Digital Economy Future Directions

For

The Department of Broadband,
Communications and the
Digital Economy




February 2009
Cisco Australia response to the Consultation Paper

What markers of success can government, industry and stakeholders
establish?


To first understand and where possible, address the reasons, for the continuing
gaps in on line engagement by business is an important component of any success
measurement.

Inevitably it is likely to be a mixture of access to hardware and applications, being
in possession of the appropriate skills and confidence levels and being able to
access sufficient broadband capacity at an affordable price to make the investment
worthwhile.

We also know that the process of getting engaged and doing more business on line
is a journey that goes through distinct and recognised stages of „digital readiness”.
The potential risk is that without a reasonable understanding of the major
contributing factors to the current lack of engagement policy and investment
decisions will be made that may not address the fundamental issues.
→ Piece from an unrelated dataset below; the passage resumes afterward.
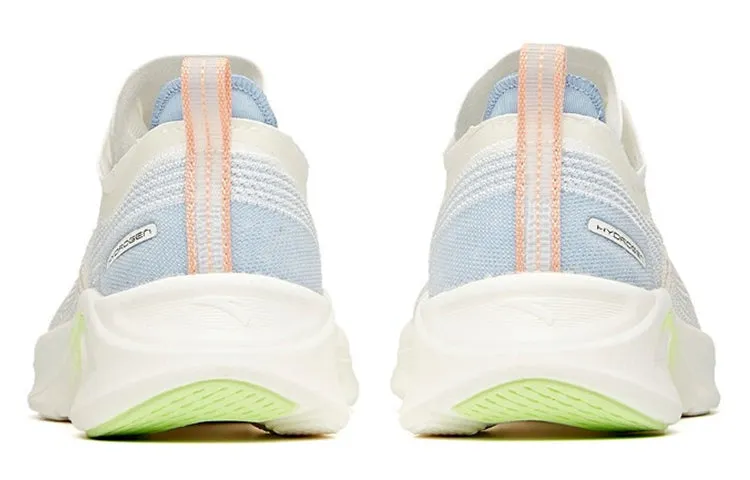 (WMNS) ANTA Hydrogen Run 3.0 'White Blue Orange' 122125540-1 sold by KicksCrew product image thumbnail 4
It is likely, for example, that two key reasons are (a) lack of skills and confidence
and (b) lack of access to affordable, real broadband to make sure that, when they
do connect on line, the experience is effective and successful. Access to affordable,
real (i.e. very fast) broadband remains an underlying capability/infrastructure issue
throughout this entire debate.

However we recognise that measurable outcomes will be important to all concerned
in this debate. If it was possible to identify the contribution to GDB of the
Digital economy vs. the Non-Digital (or Traditional) economy, then the ratio
of the two would indicate success or otherwise of moving towards a more
functional and indeed holistic Digital economy.

Whilst this may prove difficult and is unlikely to be quite this simple, because
as the discussion paper suggests much of the Digital economy is about
increasing the productivity of the Traditional economy, but there certainly
has been work completed that indicates it is possible to identify the
contribution to productivity made by ICT
How will we know when we have maximised the potential of Australia’s participation in
the digital economy?

Understanding when participation in the digital economy has been maximised will
be particularly difficult on the basis that the potential should constantly be changing
on the back of rising expectation and increased capability. This is both in terms of
technology and participants increased appetite for what they may do with that
technology.

Numbers of people on line, the quality and consistency of the engagement they
have be it either in social, learning or commercial sense will be key indicators

The question however, in a sense, exhibits a static view of what is by definition a
highly dynamic and constantly changing environment. It is often suggested that the
online world and Web 2.0 in particular is a world of “permanent beta”.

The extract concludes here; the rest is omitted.